───── INFORMATION PROVIDED ─────

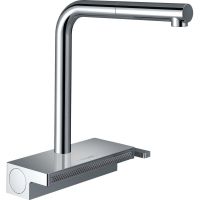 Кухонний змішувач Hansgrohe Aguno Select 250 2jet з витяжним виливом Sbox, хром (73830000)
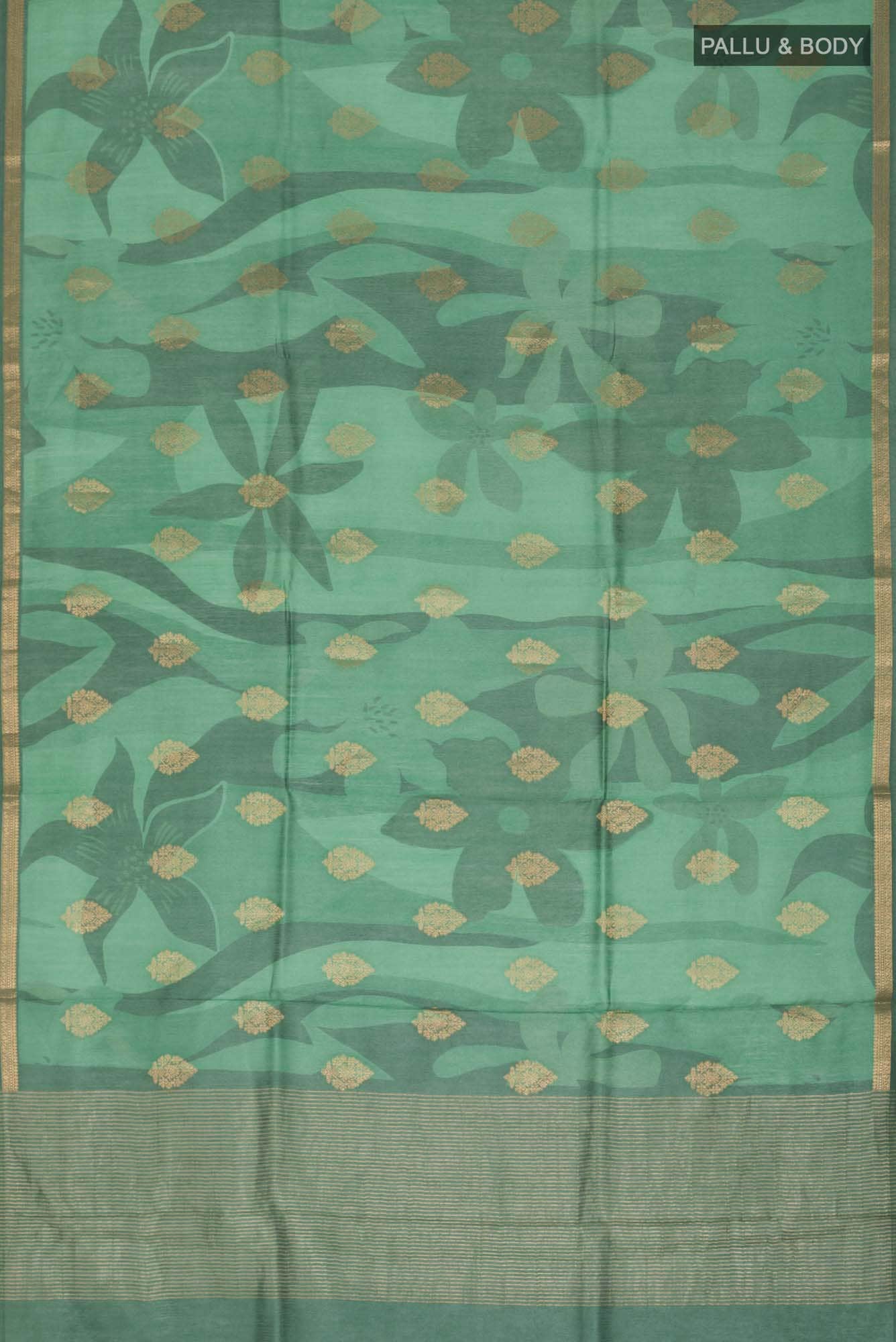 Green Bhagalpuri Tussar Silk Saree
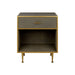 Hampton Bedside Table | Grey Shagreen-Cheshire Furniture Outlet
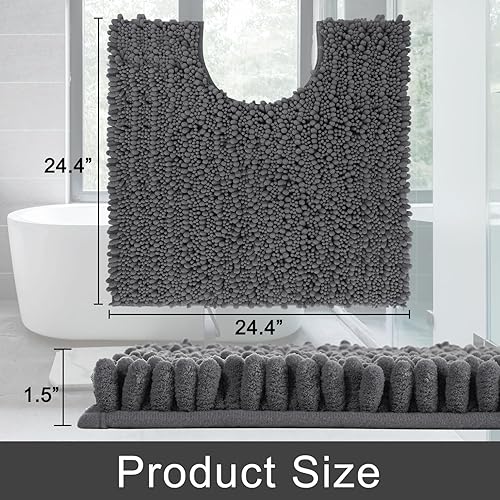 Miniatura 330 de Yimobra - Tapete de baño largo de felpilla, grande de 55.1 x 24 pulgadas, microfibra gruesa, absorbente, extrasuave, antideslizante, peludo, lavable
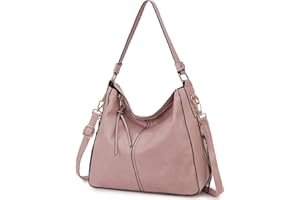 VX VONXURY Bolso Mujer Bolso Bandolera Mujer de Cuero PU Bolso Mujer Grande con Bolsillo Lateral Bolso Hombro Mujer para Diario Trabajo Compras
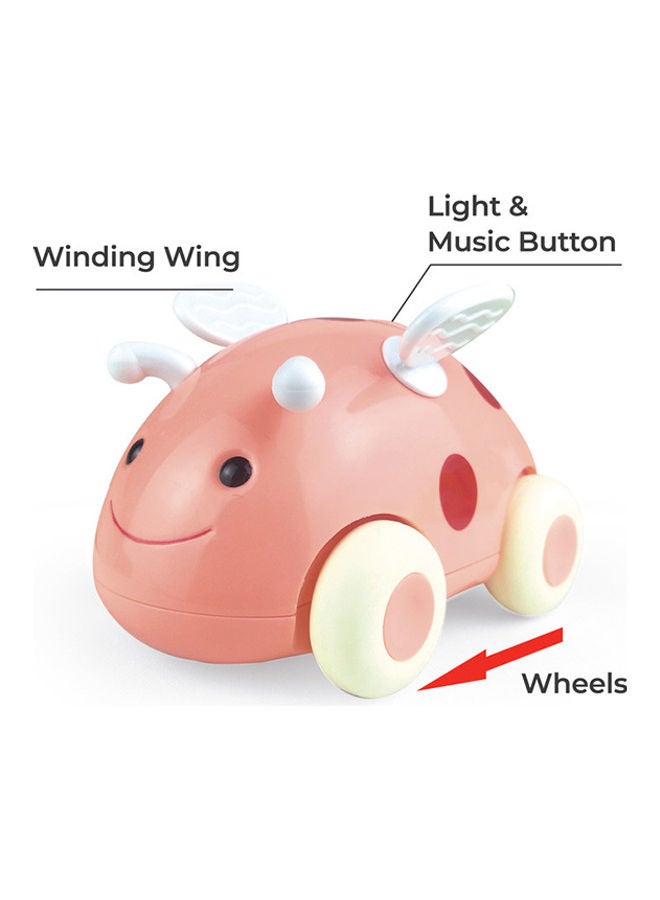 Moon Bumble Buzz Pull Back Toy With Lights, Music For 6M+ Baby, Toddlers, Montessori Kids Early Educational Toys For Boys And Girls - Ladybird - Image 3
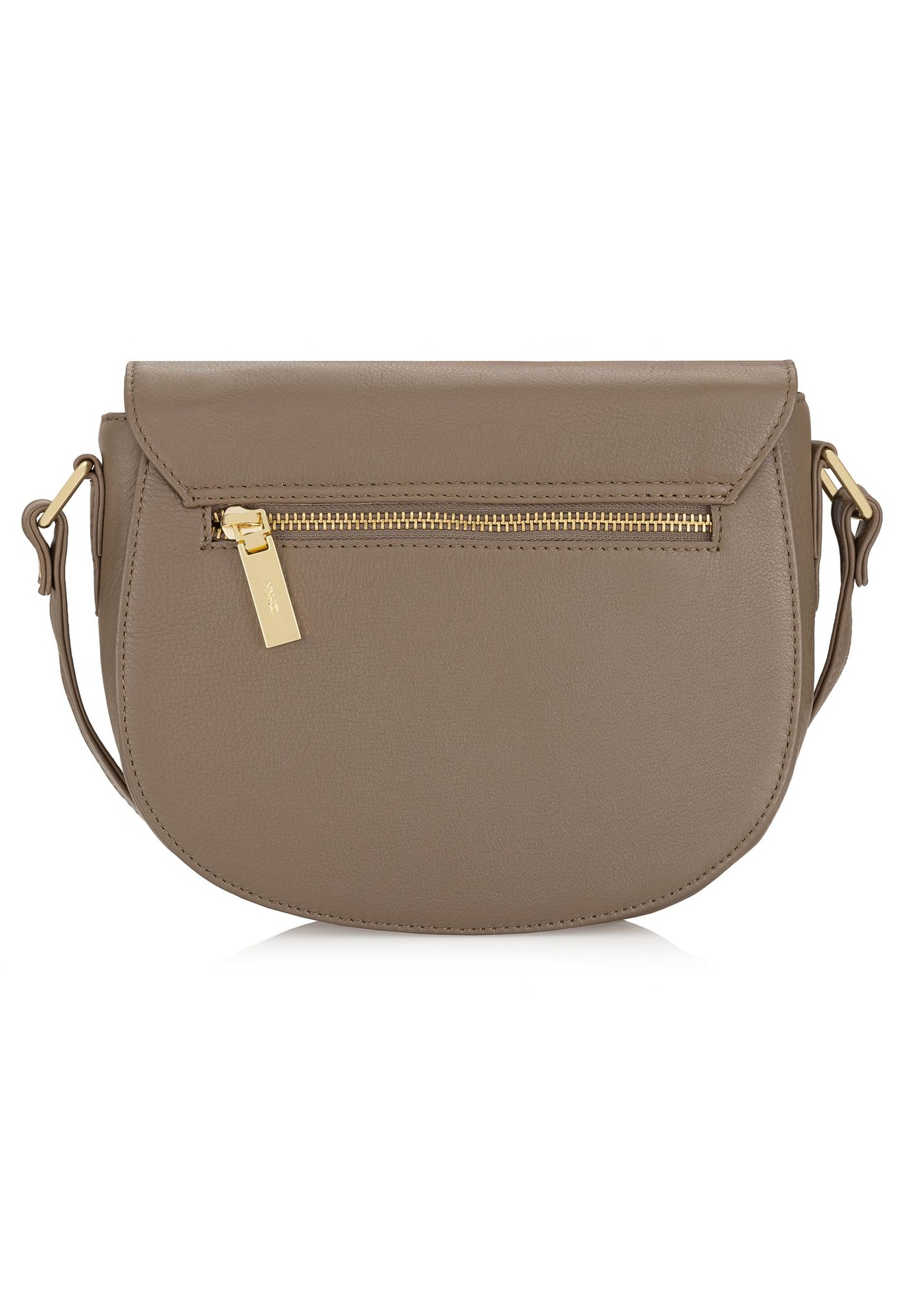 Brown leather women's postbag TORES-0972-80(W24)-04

─────

## AIM OF THE EXERCISE
Could you reproduce exactly the lines from the one containing "Moon Bumble Buzz" through the last line of the records, both included, leaving out the pictures?

## ANSWER TO THIS TASK
 Moon Bumble Buzz Pull Back Toy With Lights, Music For 6M+ Baby, Toddlers, Montessori Kids Early Educational Toys For Boys And Girls - Ladybird - Image 3
 Brown leather women's postbag TORES-0972-80(W24)-04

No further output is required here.